= TASK DIRECTIONS =
Your output must be the lines below from the line containing "В Одессе пожар" to the line containing "Apartament cu 4 camere decomandat în Port", both lines included, reproduced exactly and without pictures.

= DATA RECORDS =
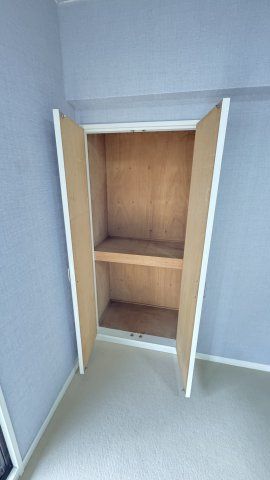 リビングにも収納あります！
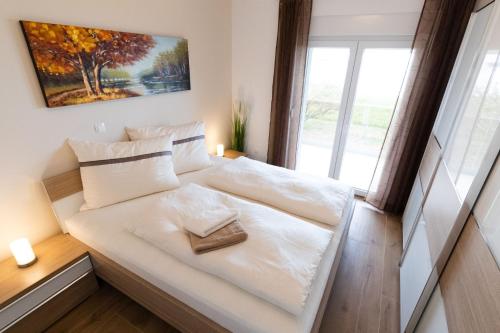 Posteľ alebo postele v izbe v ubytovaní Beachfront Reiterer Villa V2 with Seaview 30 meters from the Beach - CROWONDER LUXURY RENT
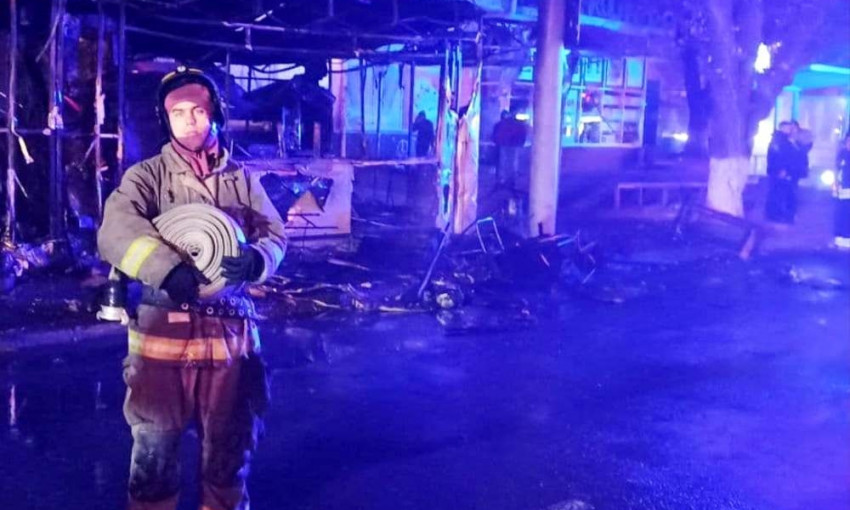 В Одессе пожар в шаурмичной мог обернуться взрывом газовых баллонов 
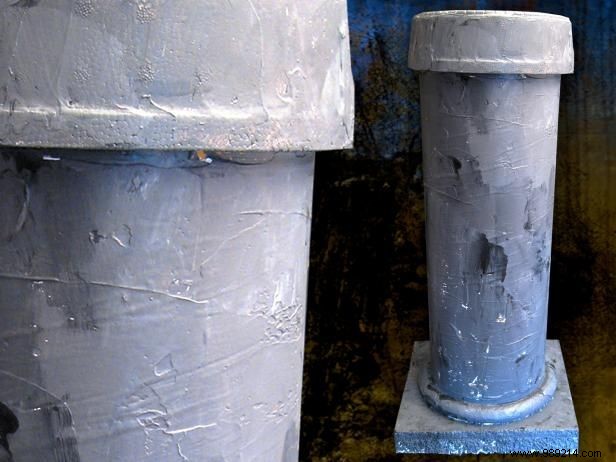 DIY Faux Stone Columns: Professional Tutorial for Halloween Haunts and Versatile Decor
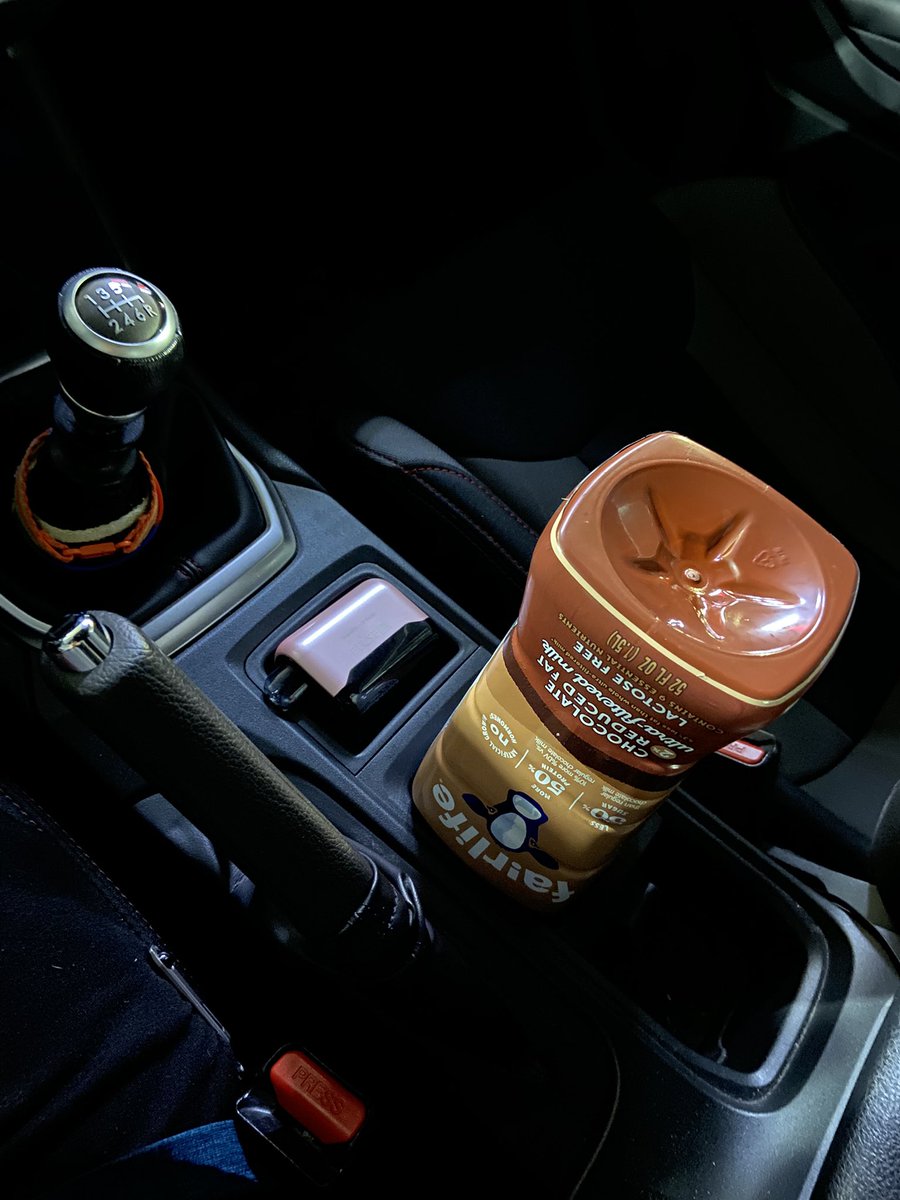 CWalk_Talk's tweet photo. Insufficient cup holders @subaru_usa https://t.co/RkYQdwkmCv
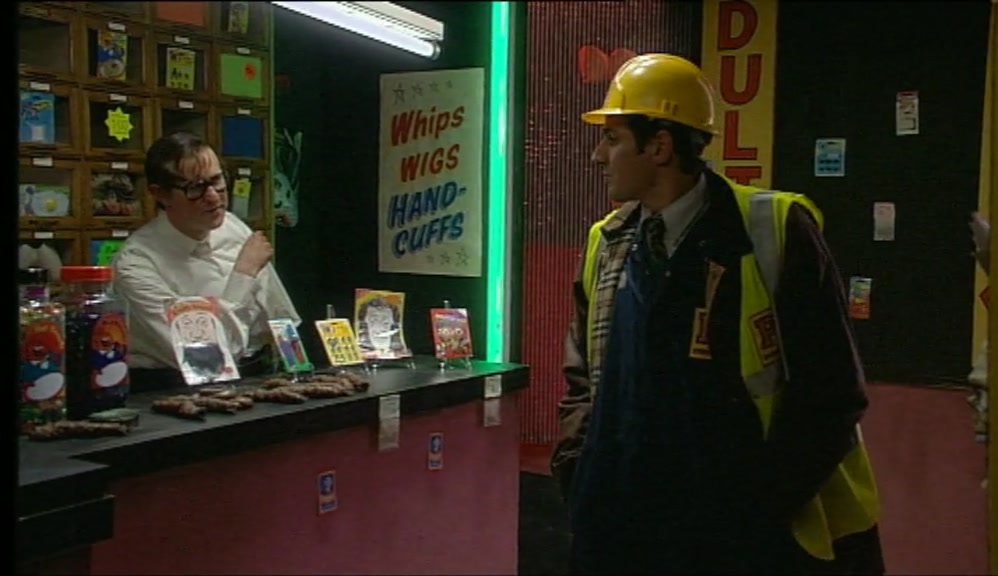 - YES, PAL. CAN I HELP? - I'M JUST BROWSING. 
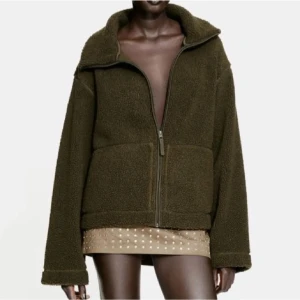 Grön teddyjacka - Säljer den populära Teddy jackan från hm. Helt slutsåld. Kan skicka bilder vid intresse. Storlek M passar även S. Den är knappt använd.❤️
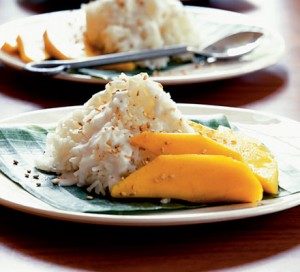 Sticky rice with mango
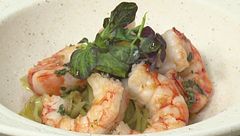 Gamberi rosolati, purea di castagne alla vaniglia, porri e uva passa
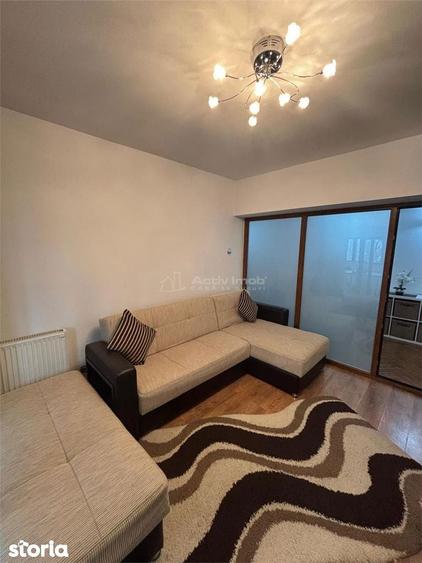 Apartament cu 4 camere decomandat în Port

* * *

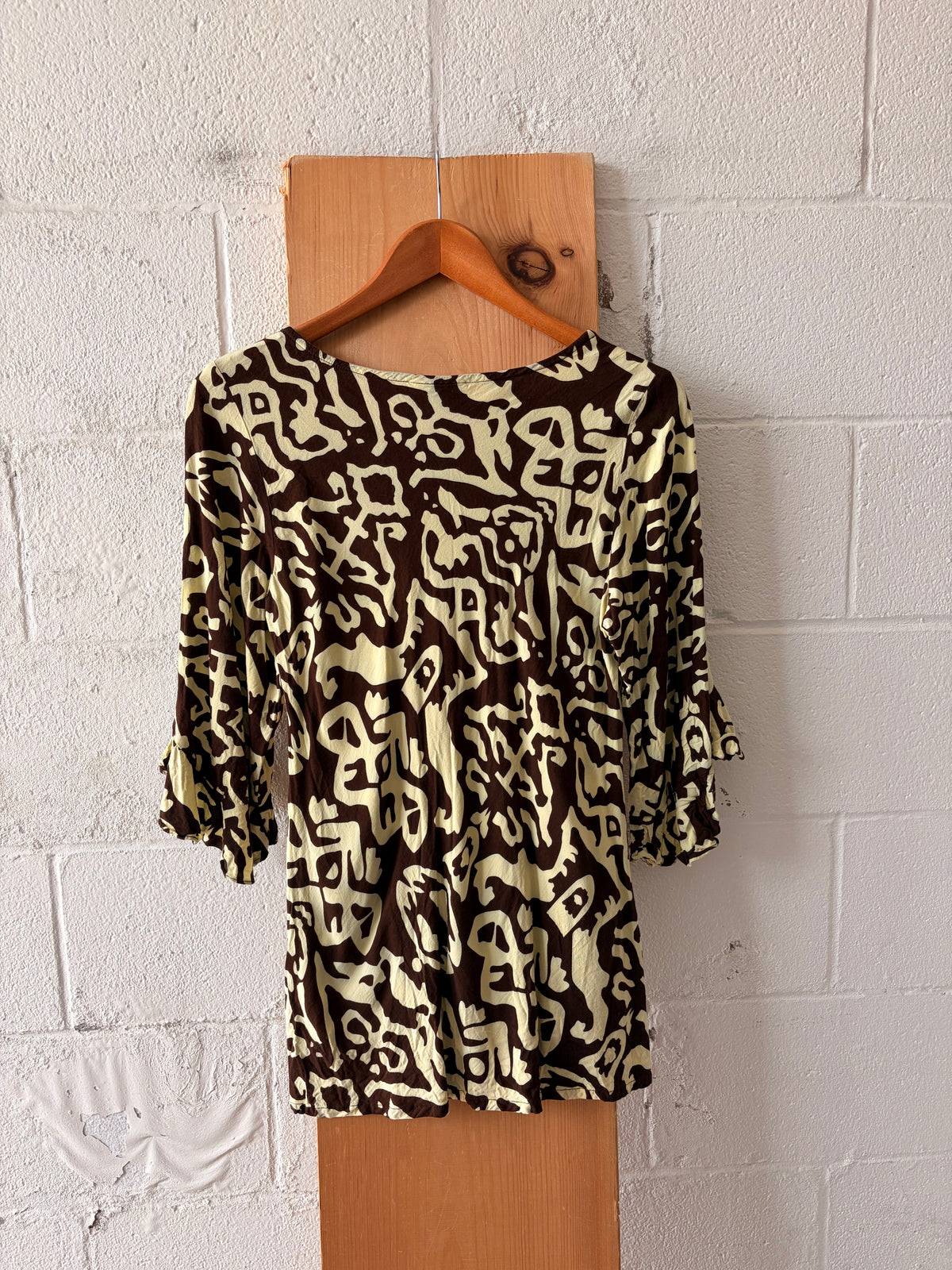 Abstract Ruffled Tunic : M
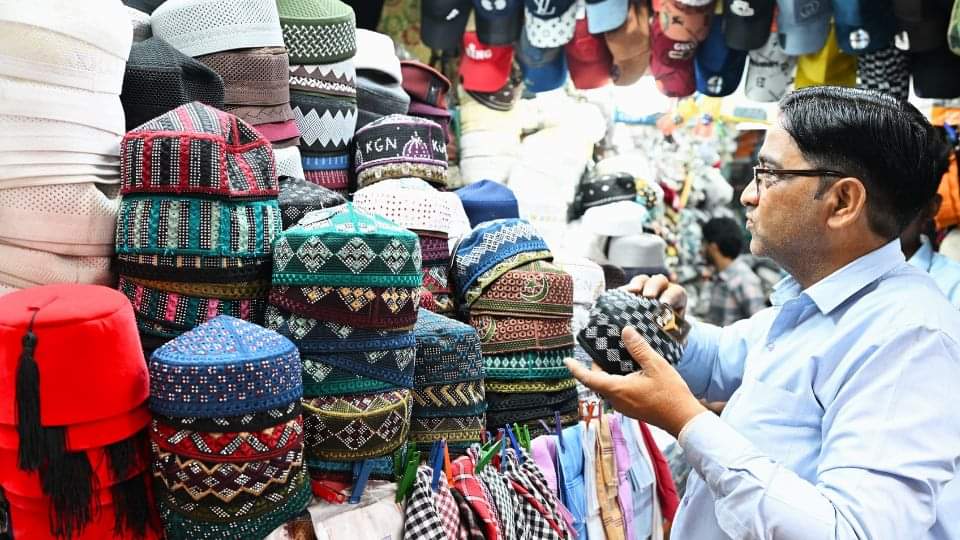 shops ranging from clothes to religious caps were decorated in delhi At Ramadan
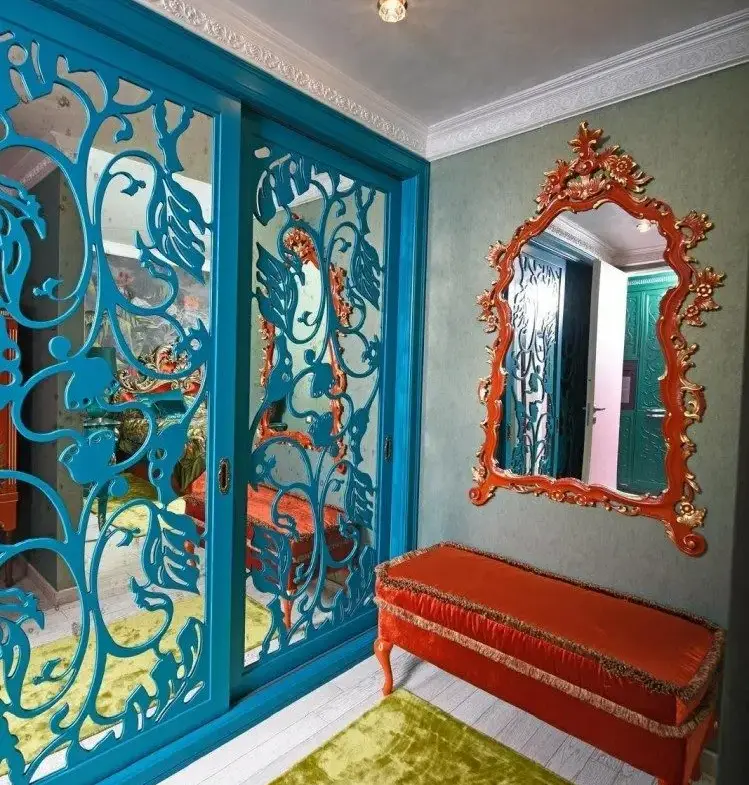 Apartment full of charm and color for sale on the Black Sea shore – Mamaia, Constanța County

* * *

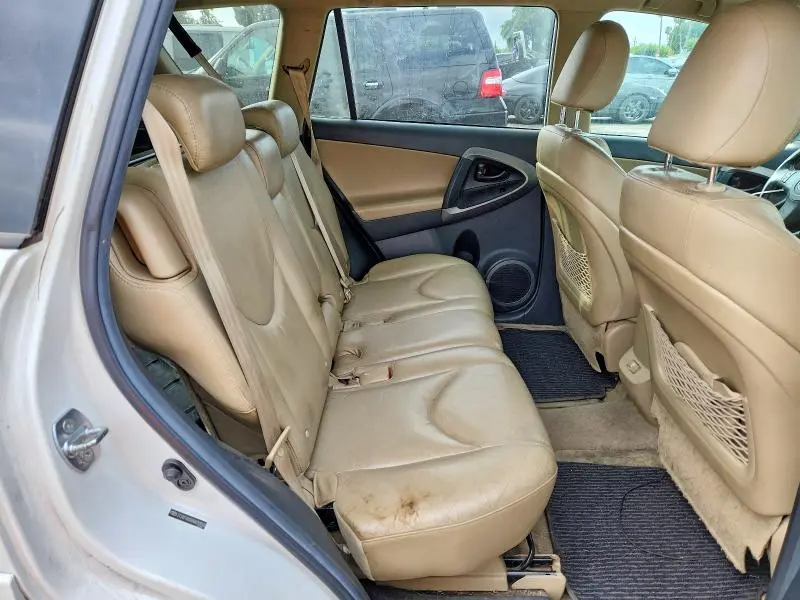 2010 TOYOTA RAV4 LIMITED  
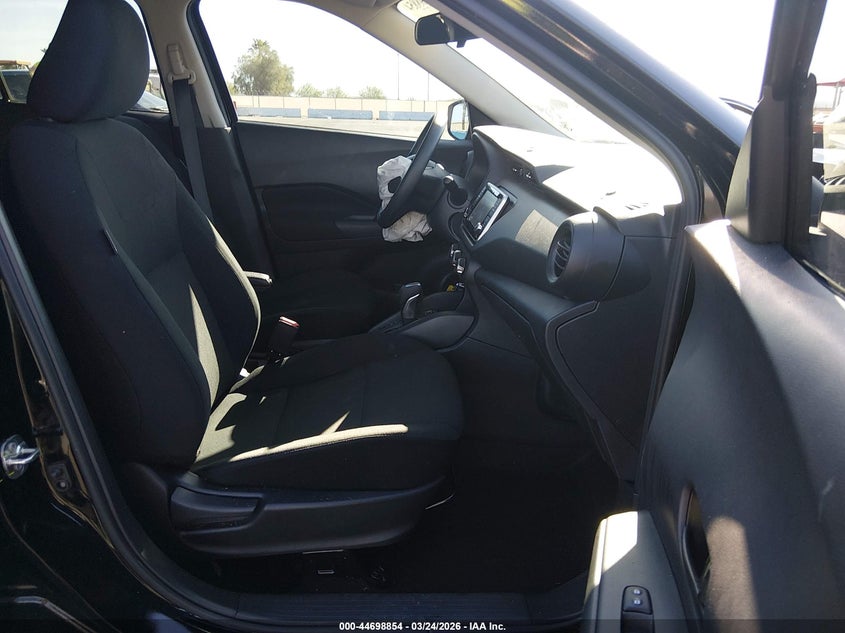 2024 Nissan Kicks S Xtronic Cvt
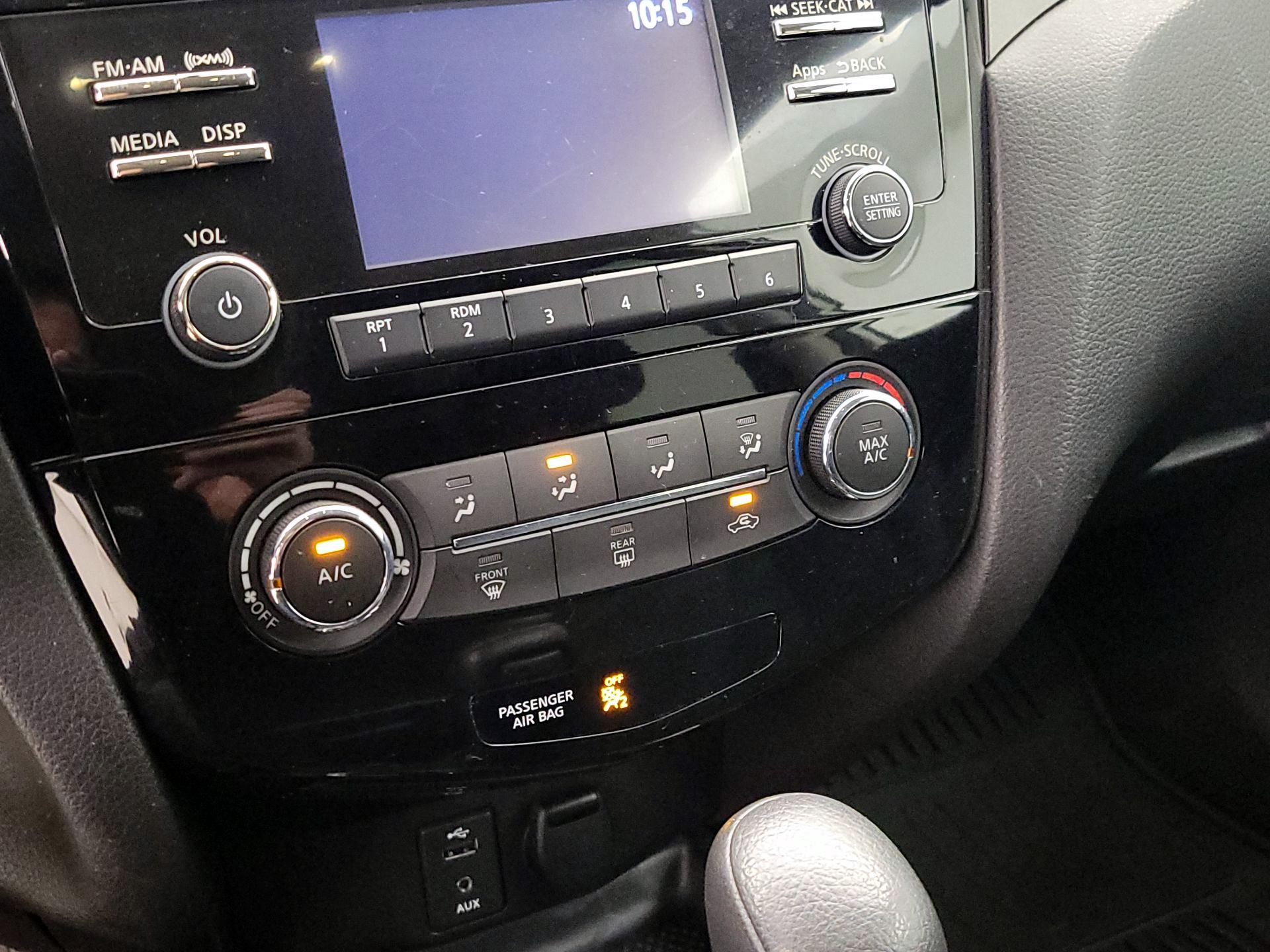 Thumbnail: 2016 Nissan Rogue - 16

= EXPECTED ANSWER =
 В Одессе пожар в шаурмичной мог обернуться взрывом газовых баллонов 
 DIY Faux Stone Columns: Professional Tutorial for Halloween Haunts and Versatile Decor
 CWalk_Talk's tweet photo. Insufficient cup holders @subaru_usa https://t.co/RkYQdwkmCv
 - YES, PAL. CAN I HELP? - I'M JUST BROWSING. 
 Grön teddyjacka - Säljer den populära Teddy jackan från hm. Helt slutsåld. Kan skicka bilder vid intresse. Storlek M passar även S. Den är knappt använd.❤️
 Sticky rice with mango
 Gamberi rosolati, purea di castagne alla vaniglia, porri e uva passa
 Apartament cu 4 camere decomandat în Port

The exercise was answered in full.